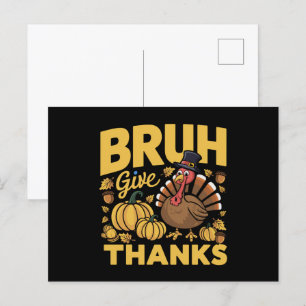 Bruh Meme Grappige Thanksgiving Kalkoen Dankbaar Briefkaart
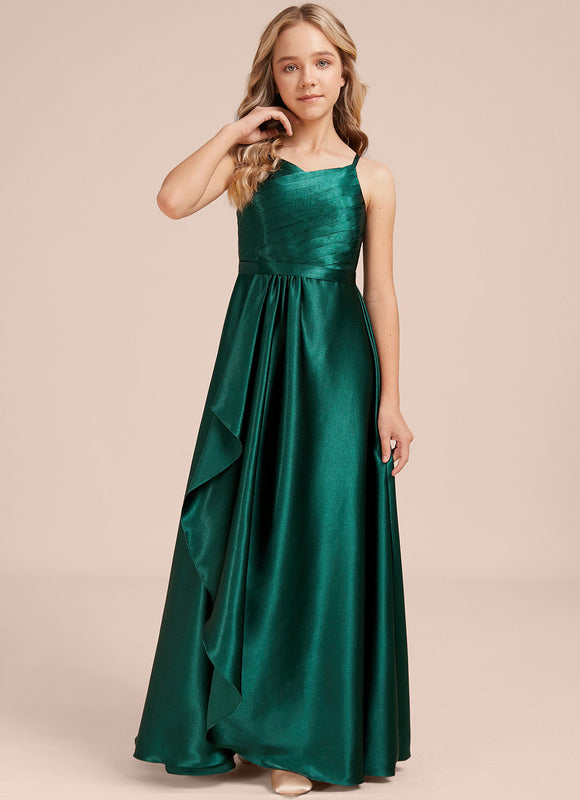 Robe Demoiselle D'Honneur Satin Émeraude Chic - gallery 3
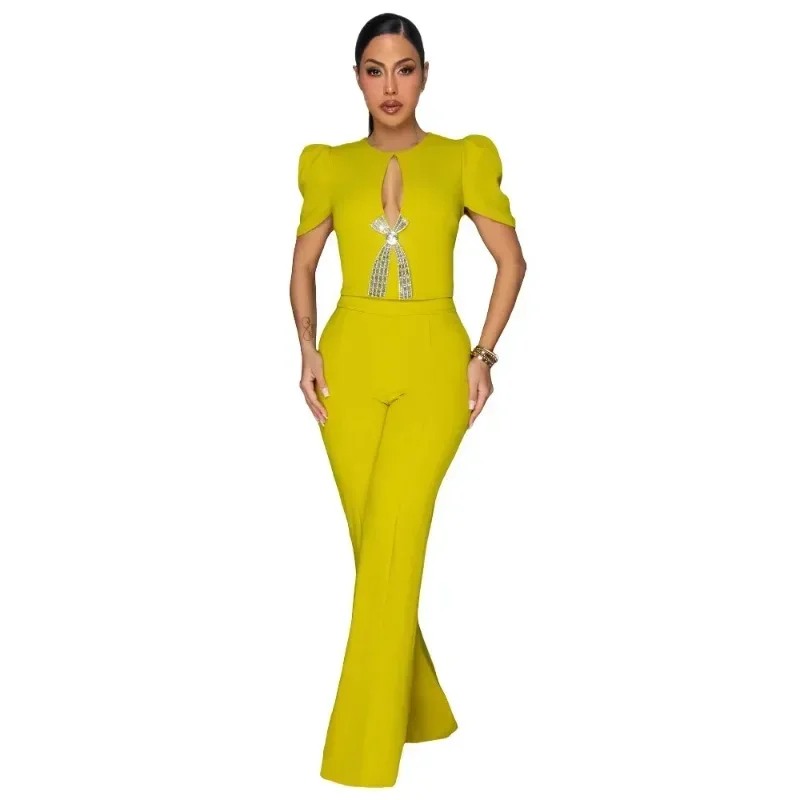 

Дашики, африканская одежда для женщин, летний элегантный африканский комбинезон из полиэстера с короткими рукавами и круглым вырезом, вечерние длинные комбинезоны, наряды 2025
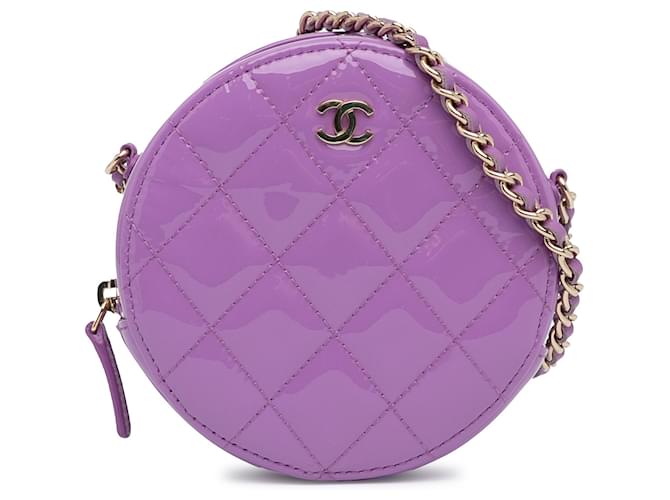 Pochette ronde vernie matelassée Chanel CC violette avec sac à bandoulière en chaîne Cuir  ref.1388498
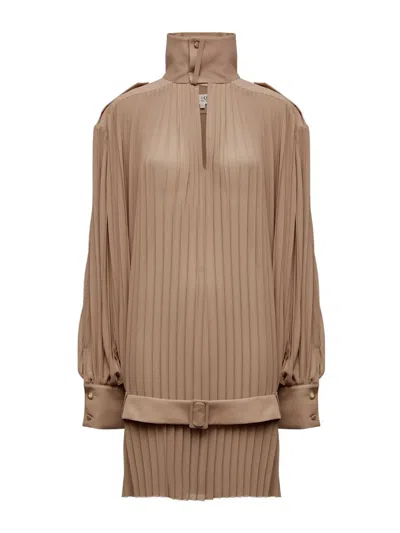 Mm6 Maison Margiela Pleated High-neck Dress In Multi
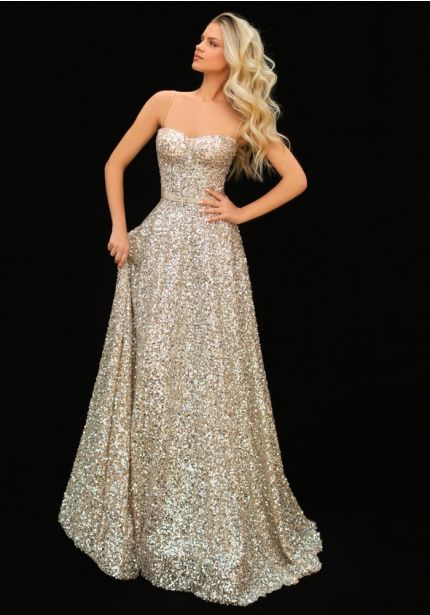 Metallic Sequin Gown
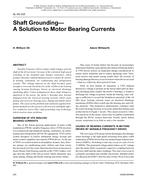 SL-08-025 — Shaft Grounding Ã¢Â€Â” A Solution to Motor Bearing Currents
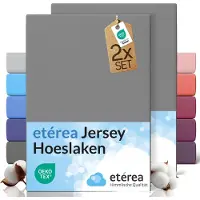 Etérea Himmlische Qualität etérea Jersey hoeslaken 2-pack 200x220 cm (hoek 25 cm) 100% katoen - Grijs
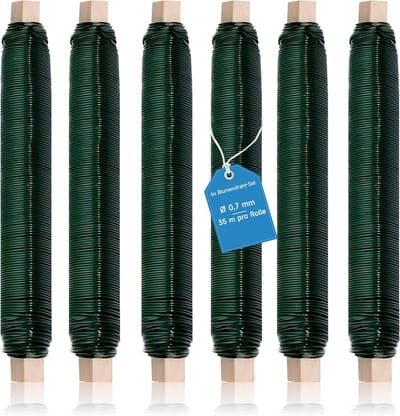 Groene bloemendraad 0,7 mm - 6 rollen van 35 m - Stevige binddraad voor planten en bloemen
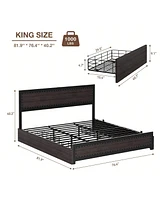 gaomon Full/Queen/King Bed Frame With Headboard,Industrial Platform 4 Storage Drawers And Charge Station,Strong Metal Slats Suppor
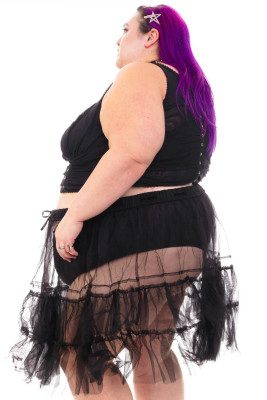 Louisa May Sheer Black Ruffle Skirt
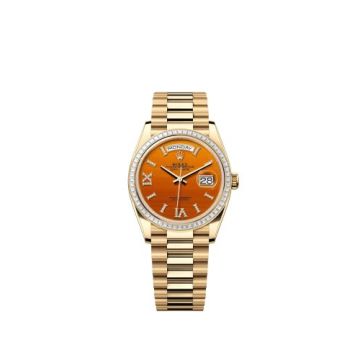Rolex Day-Date 36 Yellow Gold - Baguette / Carnelian / President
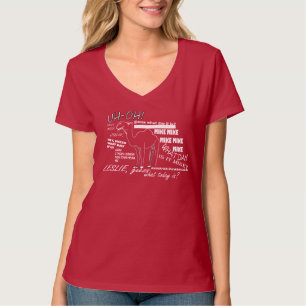 Camiseta para mujer del cuello en v del día de
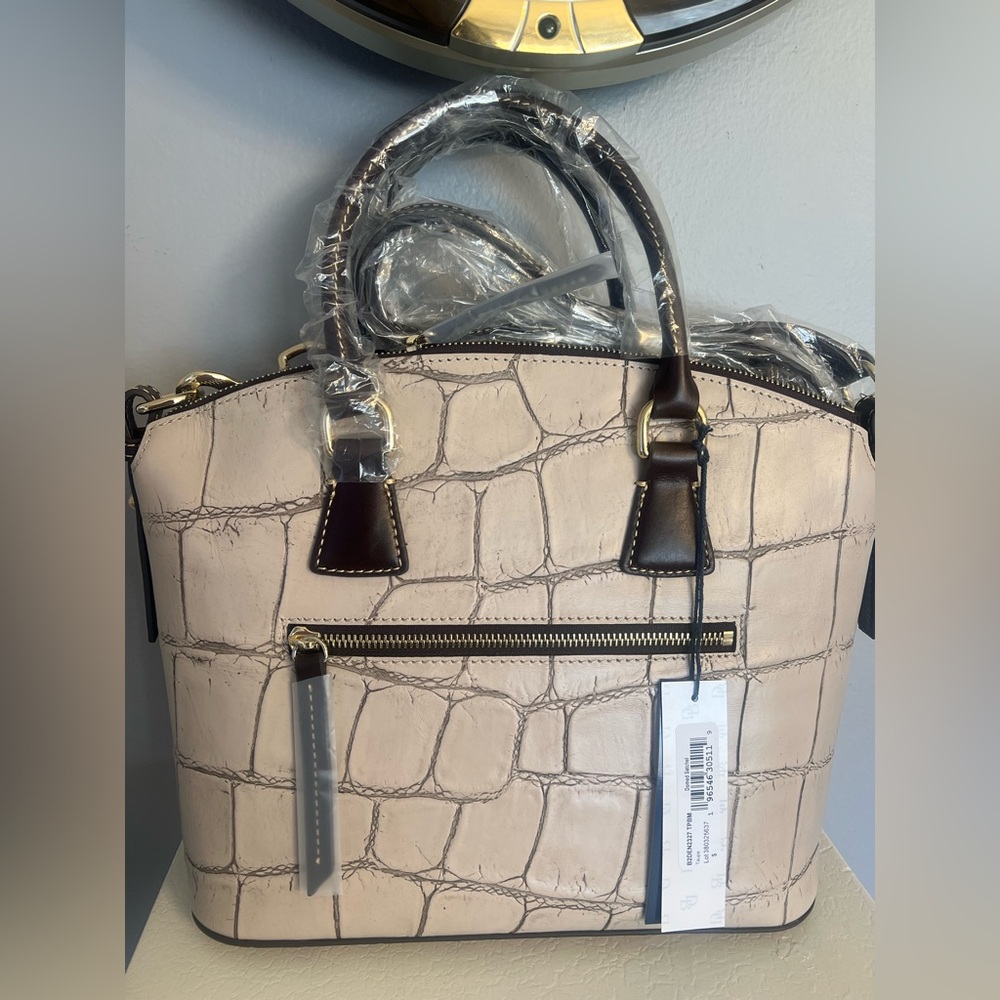 NWT Dooney & Bourke Beige Croc Satchel - Picture 3 of 9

* * * * * * * * *

Work item: From the line with "Дашики, африканская одежда" up to and including the line with "Pochette ronde vernie" above, retype every line exactly and nothing more; leave out the pictures.

Written solution:
Дашики, африканская одежда для женщин, летний элегантный африканский комбинезон из полиэстера с короткими рукавами и круглым вырезом, вечерние длинные комбинезоны, наряды 2025
 Pochette ronde vernie matelassée Chanel CC violette avec sac à bandoulière en chaîne Cuir  ref.1388498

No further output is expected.